Your assignment: Starting at the line that holds "648 RIVERSIDE DR, Memphis, Tennessee", quote every line through the end of the records, both boundary lines included. Omit the pictures.

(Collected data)
- Opening Delimiter -

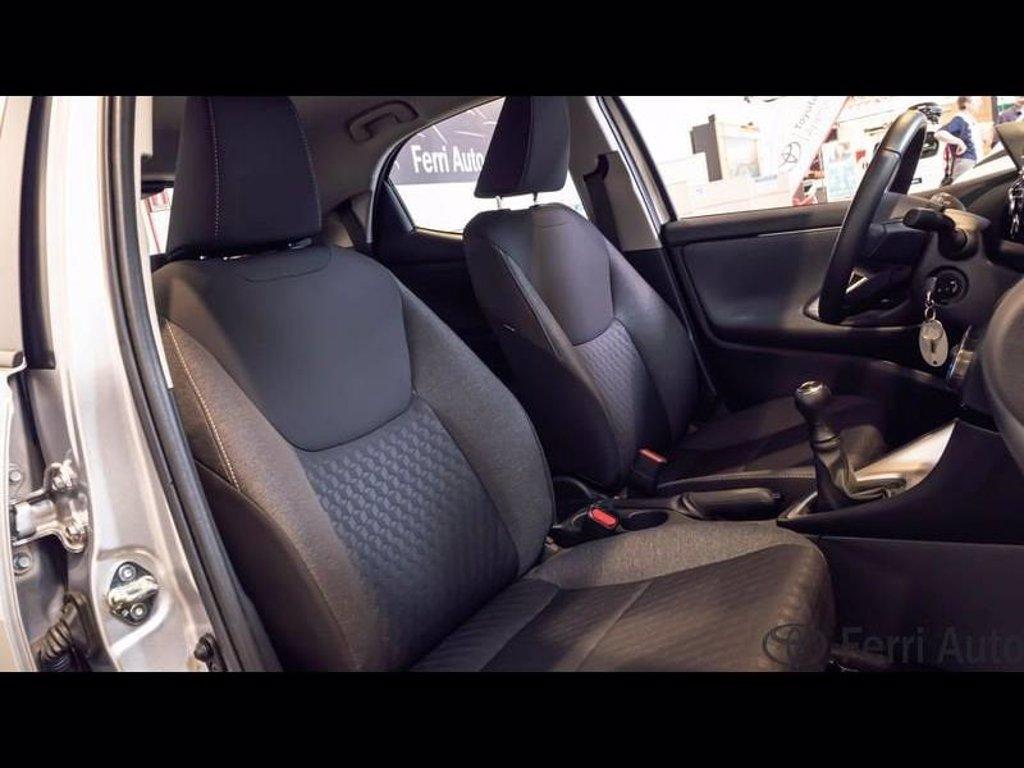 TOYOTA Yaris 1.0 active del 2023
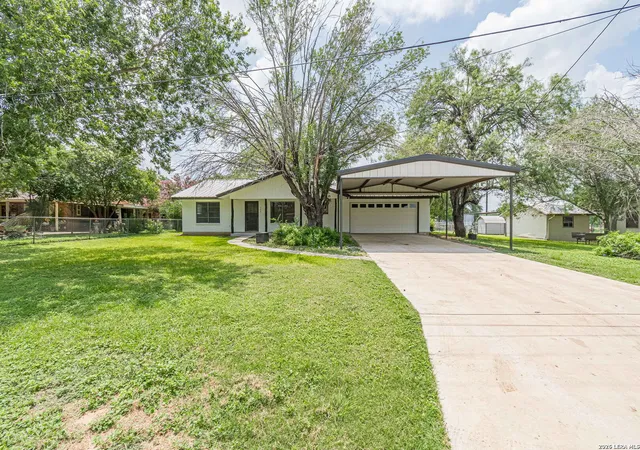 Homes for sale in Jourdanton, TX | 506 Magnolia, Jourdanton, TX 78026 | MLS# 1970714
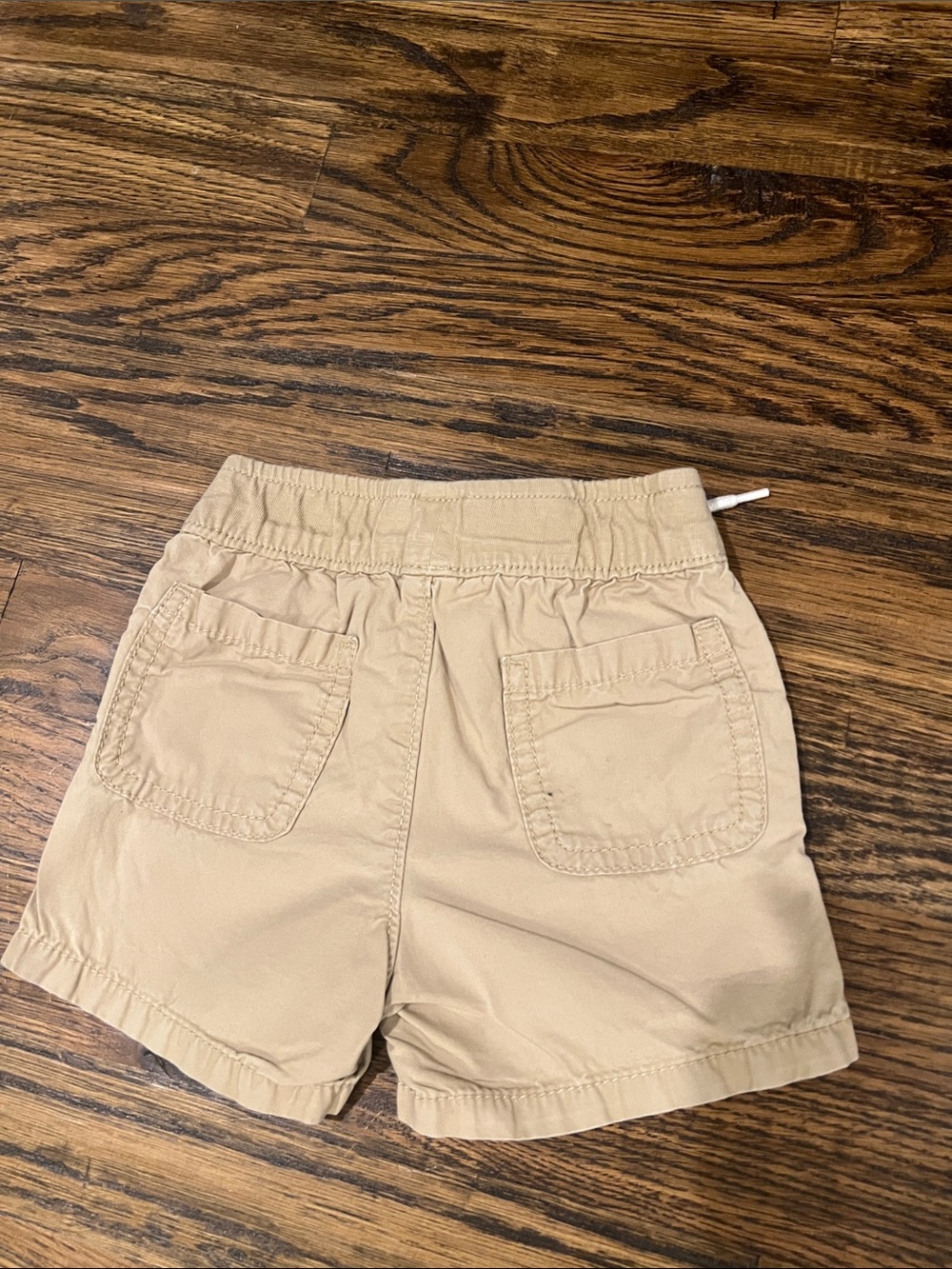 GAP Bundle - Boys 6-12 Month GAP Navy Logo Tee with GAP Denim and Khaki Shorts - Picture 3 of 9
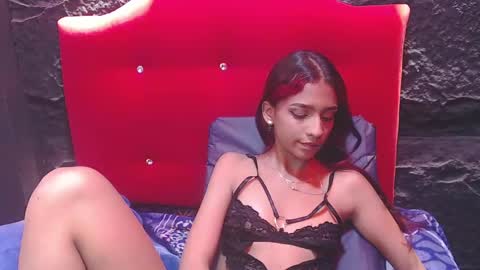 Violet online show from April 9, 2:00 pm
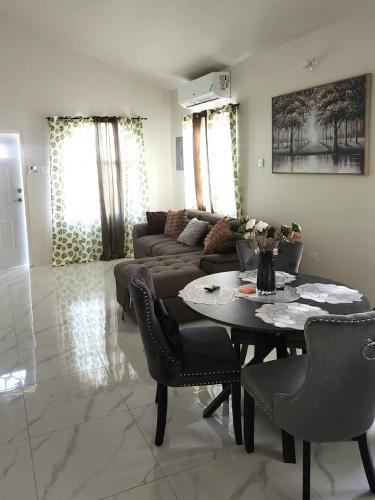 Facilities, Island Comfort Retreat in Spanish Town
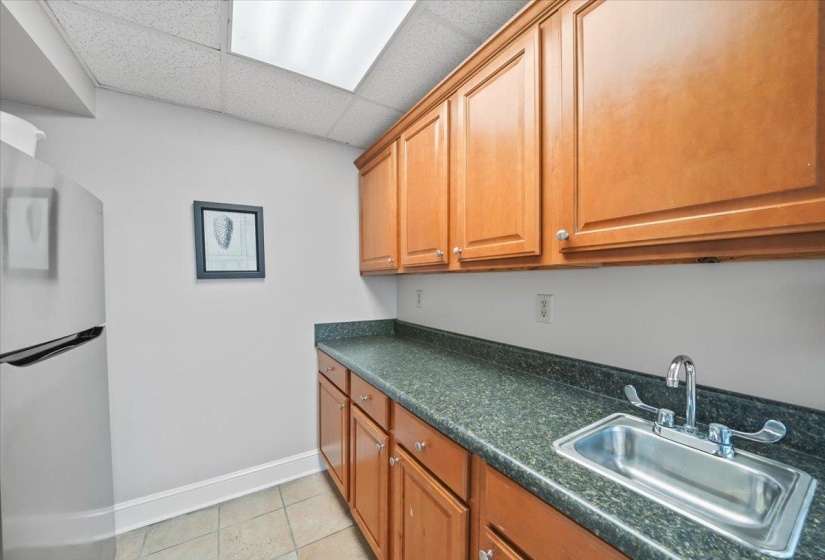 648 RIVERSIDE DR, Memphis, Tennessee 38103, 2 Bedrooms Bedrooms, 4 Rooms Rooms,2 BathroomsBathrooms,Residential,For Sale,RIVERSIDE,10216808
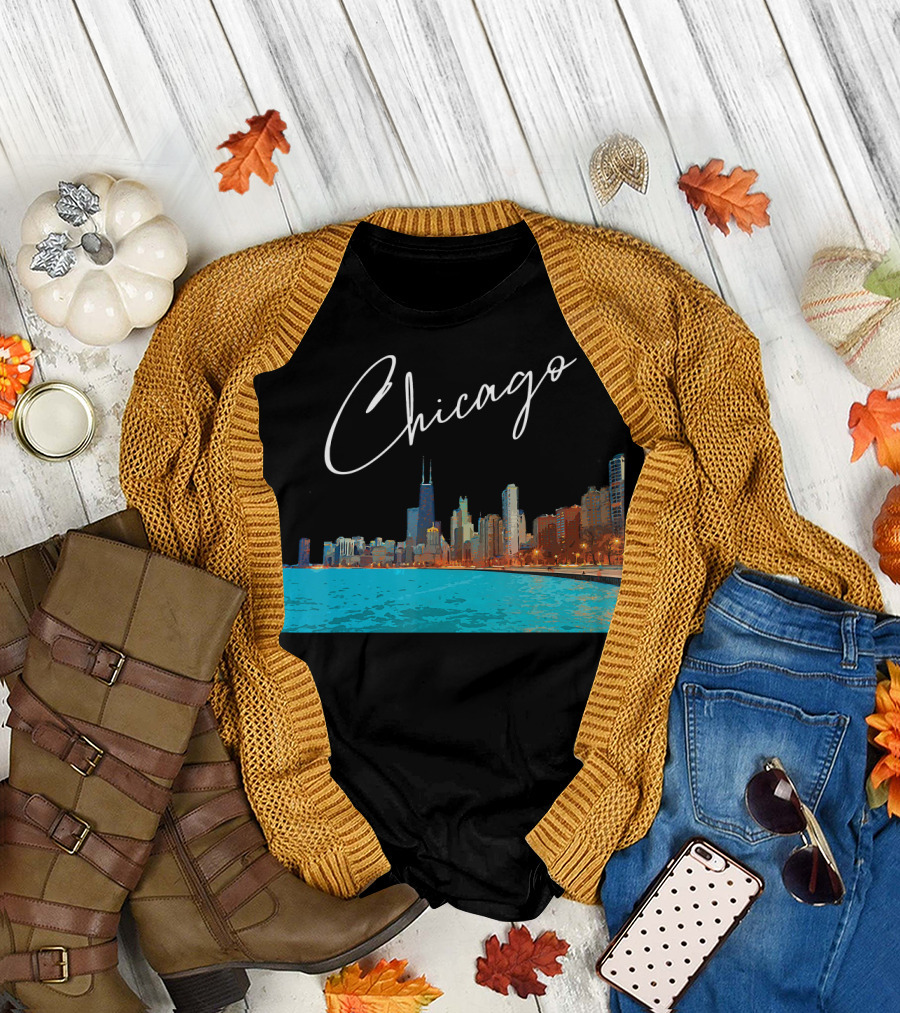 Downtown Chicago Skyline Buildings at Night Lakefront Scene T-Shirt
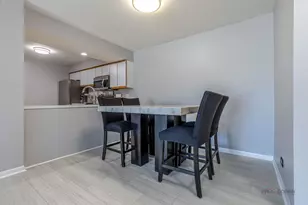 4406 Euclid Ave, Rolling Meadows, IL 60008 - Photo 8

- Closing Delimiter -

Task response:
 648 RIVERSIDE DR, Memphis, Tennessee 38103, 2 Bedrooms Bedrooms, 4 Rooms Rooms,2 BathroomsBathrooms,Residential,For Sale,RIVERSIDE,10216808
 Downtown Chicago Skyline Buildings at Night Lakefront Scene T-Shirt
 4406 Euclid Ave, Rolling Meadows, IL 60008 - Photo 8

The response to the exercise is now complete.